▸ **DATA FOR REVIEW**
━━━━━━━━━━━━━━━━━━━━━━━━━━━━━━

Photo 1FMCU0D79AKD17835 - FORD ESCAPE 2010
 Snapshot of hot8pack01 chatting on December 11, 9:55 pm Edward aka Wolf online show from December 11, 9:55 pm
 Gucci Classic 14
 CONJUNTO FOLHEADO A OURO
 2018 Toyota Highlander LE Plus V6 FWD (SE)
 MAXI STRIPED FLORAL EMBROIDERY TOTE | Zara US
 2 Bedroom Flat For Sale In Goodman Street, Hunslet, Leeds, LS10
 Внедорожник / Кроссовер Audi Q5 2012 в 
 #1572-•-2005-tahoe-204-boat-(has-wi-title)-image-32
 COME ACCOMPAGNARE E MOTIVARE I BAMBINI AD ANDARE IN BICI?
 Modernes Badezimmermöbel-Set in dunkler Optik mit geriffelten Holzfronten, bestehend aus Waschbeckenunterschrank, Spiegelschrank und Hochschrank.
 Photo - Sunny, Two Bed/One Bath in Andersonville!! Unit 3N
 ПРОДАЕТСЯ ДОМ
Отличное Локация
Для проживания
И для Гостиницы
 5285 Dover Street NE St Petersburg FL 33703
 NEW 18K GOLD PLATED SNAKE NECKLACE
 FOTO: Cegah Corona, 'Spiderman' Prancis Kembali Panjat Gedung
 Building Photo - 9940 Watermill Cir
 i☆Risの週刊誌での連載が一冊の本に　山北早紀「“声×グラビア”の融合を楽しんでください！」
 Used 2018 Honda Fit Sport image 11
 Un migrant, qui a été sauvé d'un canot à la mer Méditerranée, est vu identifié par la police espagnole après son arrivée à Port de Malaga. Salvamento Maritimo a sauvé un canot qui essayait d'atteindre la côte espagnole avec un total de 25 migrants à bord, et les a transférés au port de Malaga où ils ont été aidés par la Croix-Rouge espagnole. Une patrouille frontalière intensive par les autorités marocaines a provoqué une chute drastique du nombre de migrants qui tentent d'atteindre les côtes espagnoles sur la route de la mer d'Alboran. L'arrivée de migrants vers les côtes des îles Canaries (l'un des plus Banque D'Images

━━━━━━━━━━━━━━━━━━━━━━━━━━━━━━

Pick every line containing the word "Photo" out of the material, and copy those lines.

▸ **ANSWER TO THIS EXERCISE**
Photo 1FMCU0D79AKD17835 - FORD ESCAPE 2010
 Photo - Sunny, Two Bed/One Bath in Andersonville!! Unit 3N
 Building Photo - 9940 Watermill Cir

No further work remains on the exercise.